Site Reliability Engineer
Technical Skills:
- Strong experience as a Senior Site Reliability Engineer, Reliability Engineer, or Platform Engineer operating at L7 level.
- Deep expertise in application monitoring, observability, alerting, incident management, and production reliability.
- Hands-on experience assessing, selecting, and implementing monitoring and observability tools, frameworks, and integration approaches.
- Strong understanding of SRE principles including SLIs, SLOs, error budgets, and resilience engineering.
- Design and operation of highly available, fault-tolerant, multi-region systems
- Advanced capacity planning, load modeling, and traffic forecasting
- Deep expertise in metrics, logs, traces, and event-based telemetry
Process Skills:
- Assess current monitoring, alerting, and incident management mechanisms to identify gaps and improvement opportunities.
- Define and implement an end-to-end application monitoring and observability model aligned across the SDLC.

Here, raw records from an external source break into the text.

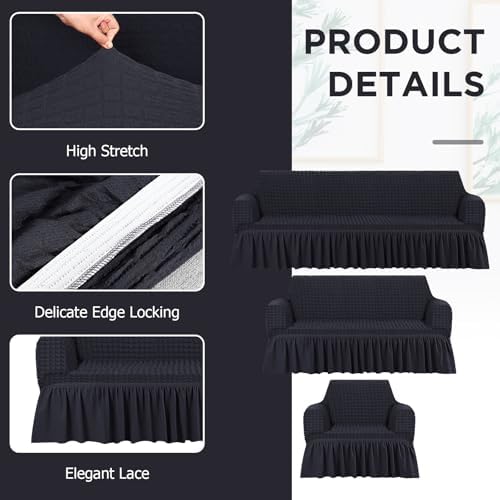 3 Pcs Sofa Slipcover Set for Couch Cushions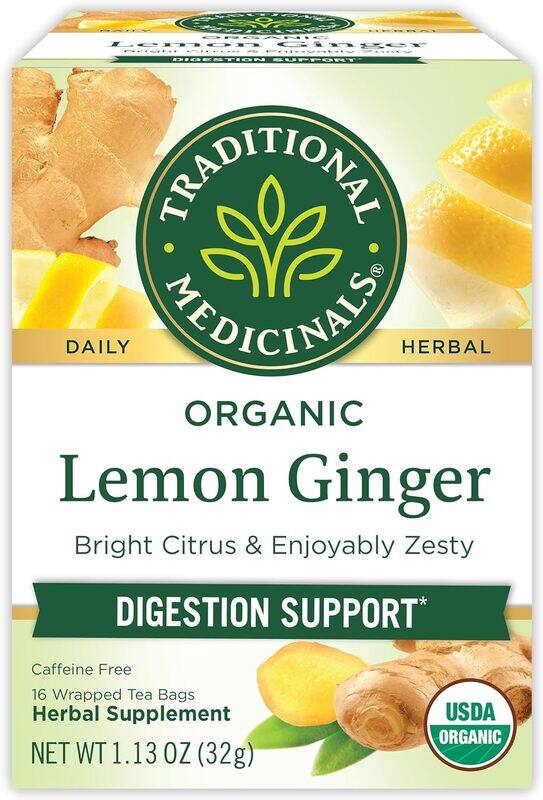 

Traditional Medicinals Organic Lemon Ginger Bright Citrus & Enjoyably Zesty Digestion Support 16 Wrapped Tea bags 32g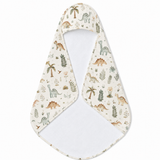 Fern Grove Dinosaurs hooded baby towel wrapped around a baby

- Identify risks related to reliability, performance, availability, and operational readiness and recommend mitigation strategies.
- Establish SRE best practices including proactive alerting, error budgets, operational runbooks, and reliability metrics.
- Articulate expected operational benefits such as improved system stability, faster incident resolution, reduced operational risk, and improved customer experience.